- Hurricane Michael is forecast to be the most destructive storm to hit Florida’s Panhandle in decades.
- The storm is expected to strengthen to Category 3 before it hits Florida on Wednesday, bringing life-threatening winds and storm surge.
- Heavy rain caused by Michael killed 13 people in Central America over the weekend.
- Tens of thousands of people in Florida have been ordered to evacuate, while Florida’s governor warned that the hurricane “could be devastating.”
Hurricane Michael is expected to strengthen to a Category 3 when it makes landfall in Florida’s Panhandle, where mandatory evacuations have begun ahead of the storm, as Florida’s governor said it could be the most destructive storm there in decades.
Hurricane Michael rapidly strengthened from a tropical storm to a hurricane on Monday, prompting warnings about threats to life and the introduction of mandatory evacuations in coastal counties.
Torrential downpours and flash-flooding caused by Michael over the weekend resulted in 13 deaths in Central America after the storm formed off the coast of northern Honduras, Reuters reported.
This GIF from the NWS shows Hurricane Michael move towards the Florida Panhandle on Monday.
Rick Scott, Florida’s Governor, has declared a state of emergency in 35 counties.
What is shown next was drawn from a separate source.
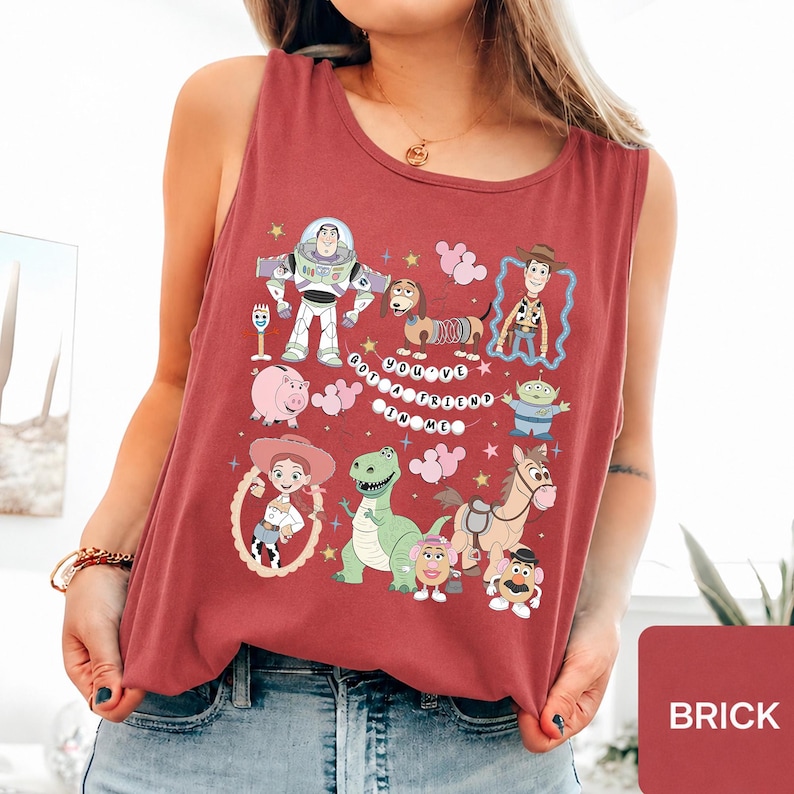 May include: A brick red sleeveless tank top featuring a graphic print of various Toy Story characters including Buzz Lightyear, Woody, Jessie, Rex, and Slinky Dog, with the text "YOU'VE GOT A FRIEND IN ME" arranged in a circular pattern.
In a press conference on Monday, he said that that Hurricane Michael is a “massive storm.”
“We haven’t seen anything like this in the Panhandle in decades.”
Tens of thousands of people have been ordered to evacuate in Wakulla, Gulf and Bay counties, Reuters reported.
The storm, Scott tweeted on Monday, “could be devastating.”
1,250 National Guard soldiers are aiding the process and more than 4,000 troops have been placed on standby, Scott tweeted.
I have activated another 750 FL National Guard troops on top of the 500 that I activated last night. They are well-equipped, with assets including high water vehicles, helicopters, & boats. The @FLGuard has more than 4,000 additional guard members ready to deploy.
— Rick Scott (@FLGovScott)
October 8, 2018
Warnings are in place for more than 300 miles of coastline.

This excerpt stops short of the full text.